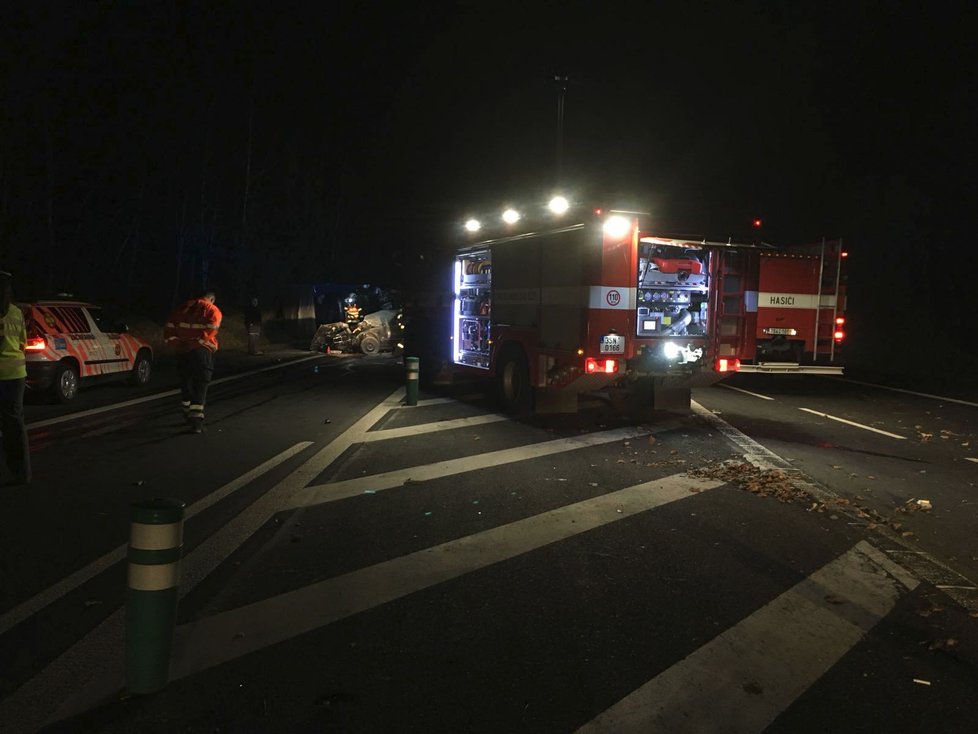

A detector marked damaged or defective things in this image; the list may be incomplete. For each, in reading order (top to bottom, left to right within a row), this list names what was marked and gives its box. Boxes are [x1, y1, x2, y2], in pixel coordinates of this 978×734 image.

crashed vehicle [308, 310, 400, 356]
overturned car [308, 310, 400, 356]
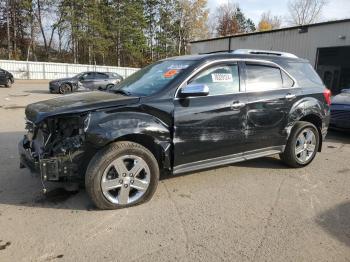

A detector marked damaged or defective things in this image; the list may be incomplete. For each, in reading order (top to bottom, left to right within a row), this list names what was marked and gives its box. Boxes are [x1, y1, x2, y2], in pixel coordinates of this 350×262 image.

damaged black suv [19, 49, 330, 209]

==*==

* _What you should do_:
What belongs in the answer is the line with "this 350×262 image." plus every later line of the listing, copied word for word and nothing besides.

* _Task solution_:
A detector marked damaged or defective things in this image; the list may be incomplete. For each, in reading order (top to bottom, left to right within a row), this list names what was marked and gives its box. Boxes are [x1, y1, x2, y2], in pixel coordinates of this 350×262 image.

damaged black suv [19, 49, 330, 209]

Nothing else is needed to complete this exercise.